Venerdì 20 Maggio 2022
Tasse e tariffe, niente aumenti: accordo in Comune con i sindacati. Un piano per la gestione integrata dei rifiuti

PORTO SAN GIORGIO  - Le rappresentanze sindacali di Cgil, Cisl e i rispettivi sindacati dei pensionati Spi e Fnp, dopo un confronto sulle linee di bilancio con il Comune, ne hanno concordato le linee d’intervento. «Ora verificheremo anche che nel corso dell’anno i provvedimenti decisi vengano attuati e mantenuti.

 

Per il 2022, nonostante i tagli ai trasferimenti operati dal governo e la possibilità dall’anno 2022 di aumentare le tasse locali oltre il limite massimo (addizionale Irpef, tasse sulla casa, tassa rifiuti), il Comune non aumenta la tassazione locale e riesce complessivamente, nel contempo, ad implementare i servizi soprattutto sul fronte dei servizi sociali e quindi a favore dei pensionati, dei lavoratori in difficoltà e con interventi per favorire la ripresa occupazionale».  Si prevede un ulteriore aumento rispetto agli anni precedenti delle risorse per le politiche sociali; il Fondo straordinario denominato “anticrisi” è stato previsto per euro 27mila euro con l’impegno ad aumentarlo ulteriormente nel corso dell’anno.
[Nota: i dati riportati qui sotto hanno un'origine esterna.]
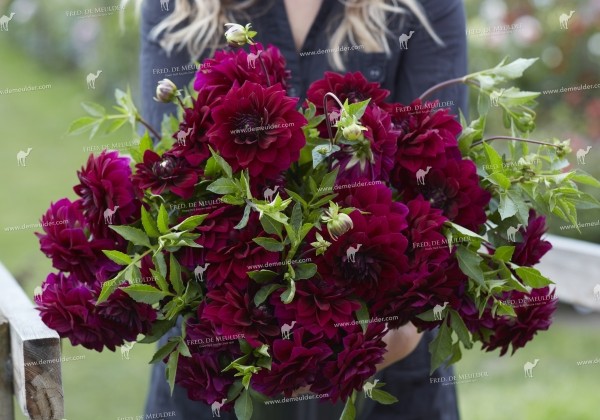 Dahlia hortensis Admiral Rawlings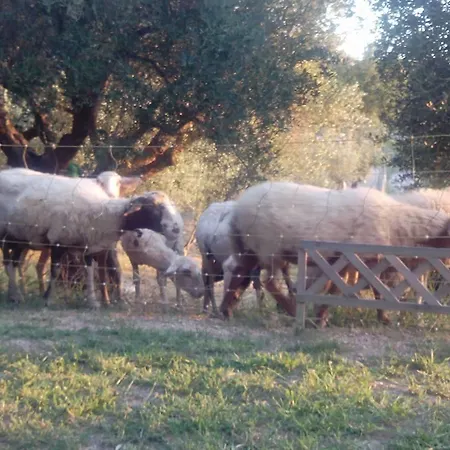 Tempa Del Niglio Farm stay *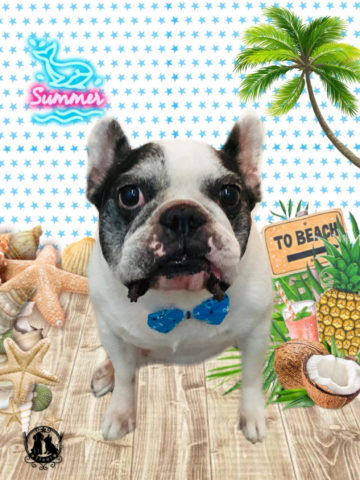 フレンチブルドッグ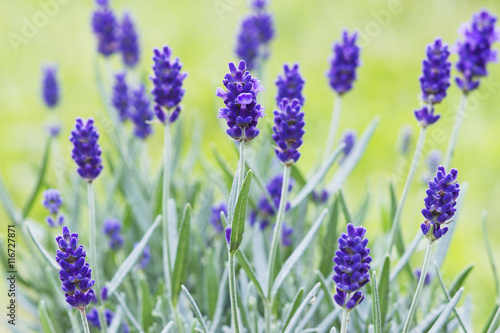 lavender flowers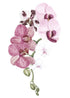 Orchid Blush I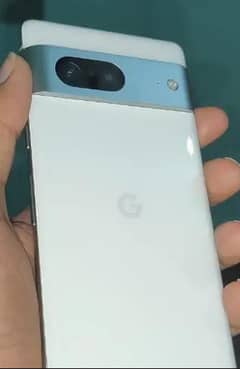 google pixel 7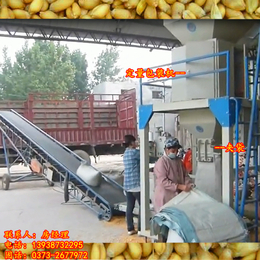 自动灌包机 小麦定量分装 50公斤一包 粮食颗粒 计量打包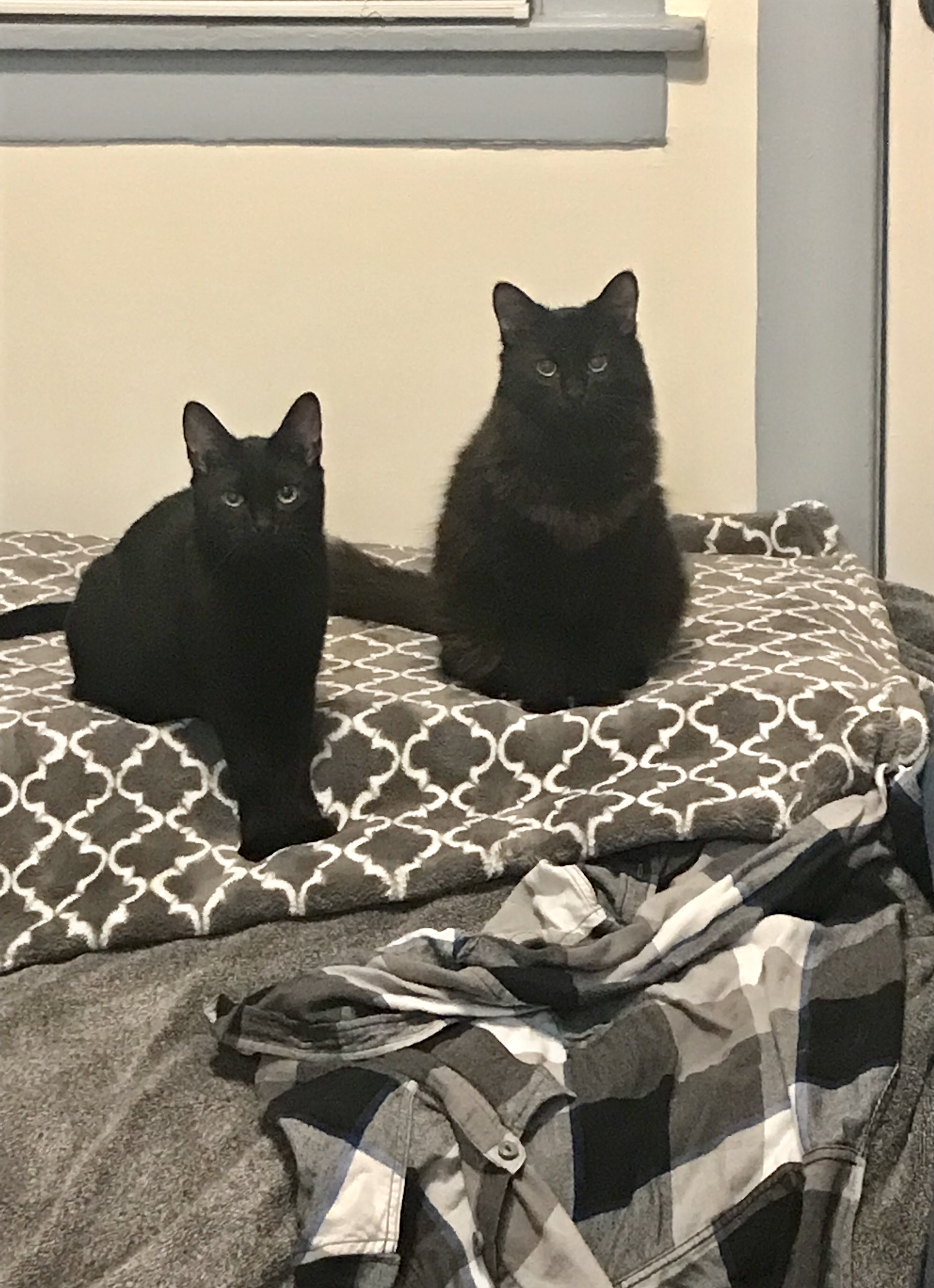 Fluffy & Stormy photo 5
Inoltre l’amministrazione si impegna a utilizzare tutte le somme previste sul Fondo solidarietà comunale per i Servizi sociali nell’anno 2022 per oltre 80mila euro.

Il Fondo è destinato a contrastare nuove povertà, sostegno per il pagamento delle utenze, tariffe, canoni di affitto, sostegno alle famiglie con studenti universitari fuori sede e per la prevenzione degli sfratti per morosità. Riconosciuta poi la positività del sistema tariffario dell’asilo nido, esteso agli altri servizi gestiti (mensa, trasporto scolastico) e si concorda di procedere a ulteriori azioni per soddisfare la domanda cittadina. C’è poi la condivisione della necessità che a livello locale si avvii un processo di aggregazione dei servizi sociali ed economici.

«Per quelli economici - riprendono i sindacati - l’amministrazione si farà parte attiva nei confronti di altre amministrazioni locali nel promuovere processi di aggregazione delle partecipate a partire dalle aziende multiservizi e, in particolare, nel lungo termine, a quelle sulla gestione dei rifiuti. L’obiettivo è ottenere l’abbassamento delle tariffe a vantaggio degli utenti. L’obiettivo può essere conseguito soprattutto per i rifiuti (Tari). Inoltre, l’amministrazione si impegna a rivedere le tariffe per le persone disagiate con l’applicazione dell’Isee lineare e attualizzato. C’è quindi la condivisione degli accordi territoriali tra le organizzazioni sindacali degli inquilini e quelle dei proprietari per favorire la stipula dei contratti di affitto a canone concordato. Quindi I’impegno affinché le gare d’appalto per i lavori pubblici rispettino tutte le norme vigenti a garanzia dei diritti e della sicurezza per i lavoratori». Infine, le tariffe: non subiranno aumenti di costo, neanche quelli previsti dall’adeguamento Istat. La misura riguarderà i servizi a gestione diretta dell’ente e quelli erogati da aziende partecipate».